Saturday, March 15, 2008

Awesome Stuff God Has Done - Keyboard

[Approx. Date]  I needed a keyboard for youth and youth events.  I wanted to spend $700-$1000 for said keyboard.  I searched everywhere on ebay, craiglist, etc., to no avail.  Anything GOOD was at LEAST $1500.  Then I went to dothaneagle.com (of all places) and in hickville – Coffee Springs, there was a Roland Fantom X8 keyboard listed for sale for $1200.  Well, I didn’t want to spend more than $1000, so I called him and he agreed to sell it to me for that price.  It was brand new, he didn’t even play the keyboard and had put stickers for the letter names of the keys to try to learn.  He even gave me a small amp to go with it.  The keyboard retailed for $3,500 and as I drove home, I stopped in a local music store to buy a damper pedal (the only thing NOT included) and the exact keyboard that was in the back of our truck was in the store for $3,499 brand new!

Tuesday, February 19, 2008

Maybe there is a stopping point.....(imported from Myspace)

You know, the church thing is starting to really get to me. Instead of better, it just seems to get worse, and worse, and worse.

Throughout the whole time we've been at Cowarts, there has always been a bright spot - the youth. When it seemed like we were fighting an uphill battle, we were encouraged by the kids and the growth we saw there. Things have been difficult to say the least in a typical mid-size Alabama church that hates the fact that they can't keep doing church the way grandma and pop did it. Well, that "light" produced by the youth has really started to dim.

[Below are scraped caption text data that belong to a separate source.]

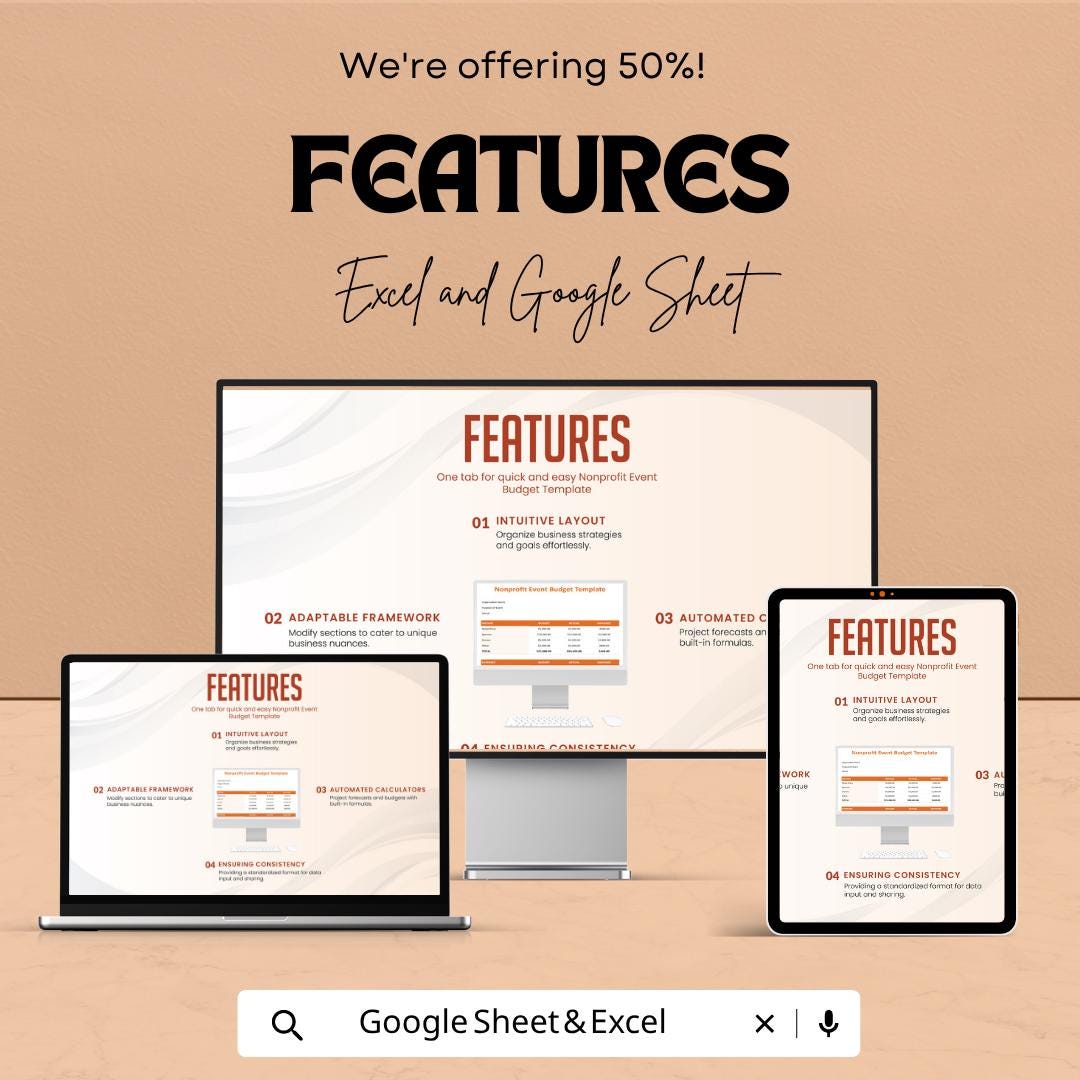 Nonprofit Event Budget Template | Event Budget Spreadsheet | Fundraising Budget Planner | Charity Event Budget Tracker
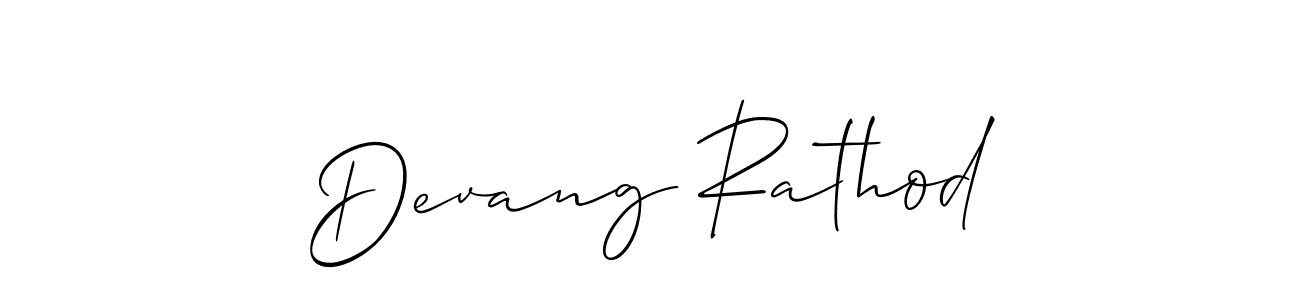 Make a beautiful signature design for name Devang Rathod. With this signature (Allison_Script) style, you can create a handwritten signature for free. Devang Rathod signature style 2 images and pictures png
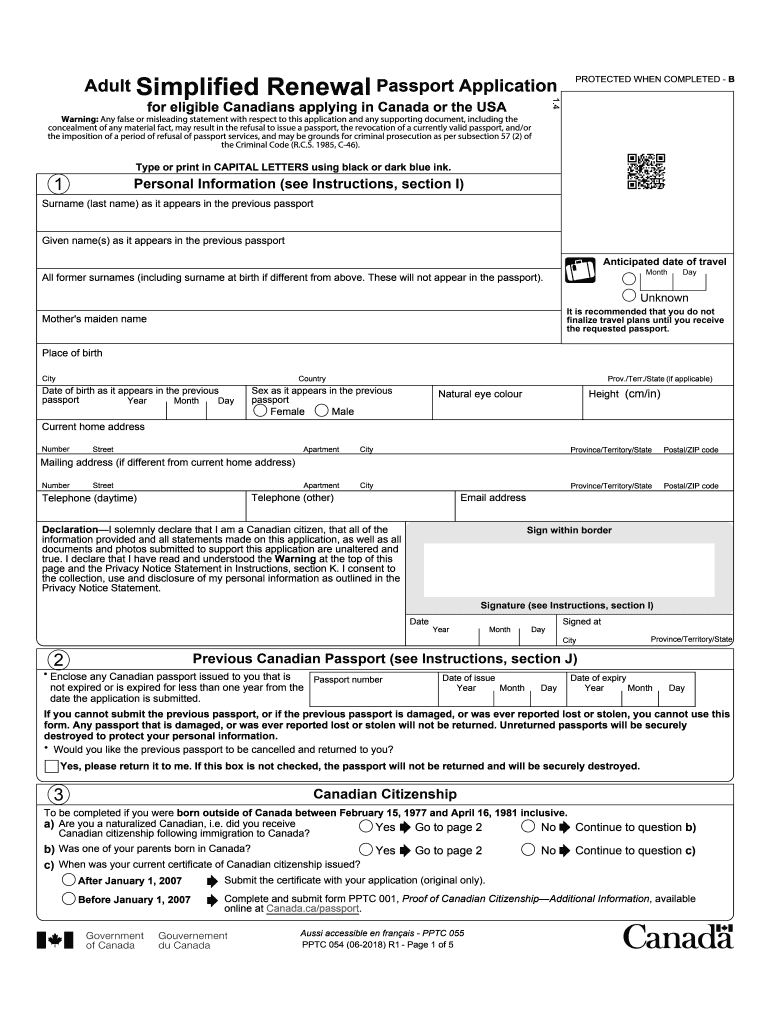 Passport Renewal Form Canada Fill Out And Sign Printable Pdf Template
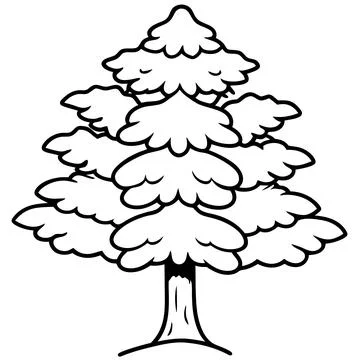 Snow Covered Tree Winter Landscape Vector Illustration for Seasonal Designs Stock Illustration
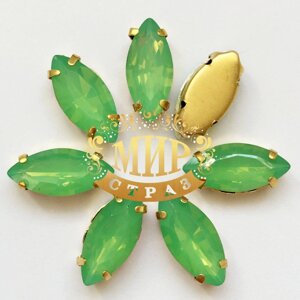 Стрази в золотих цапах Човник 7х15мм Колір Green Opal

I know that teenagers are irresponsible and unreliable to say the least. But our group is different somehow........you just can't get through to them. Which, we have no "church-kid core" to stabilize and provide a role model system for those moving up. I feel like we are hosting a club, minus the disco ball and loud music. It's never bothered me that we have a group of hoodlums, because I've always felt that what we were doing mattered. I'm not feeling that way anymore, and it's not fun. Most of our "core" is growing up and out, and there are just no young ones that are ready to be open with their faith and really stand up and stand out.

I'm tired of planning events that are underattended, I'm tired of fighting text messaging in every service, I'm tired of the fact that we've tried to expose them to honest worship for going on four years and they still stare at us with blank expressions. But yet they keep coming........go figure???
That's what blows my mind. Why are they there? There is so much more to do that is exciting out there - why us? Why our group? I want our group to be attractive to non-believers, and I've always prided our group on being varied and loving to new people, regardless of where they are.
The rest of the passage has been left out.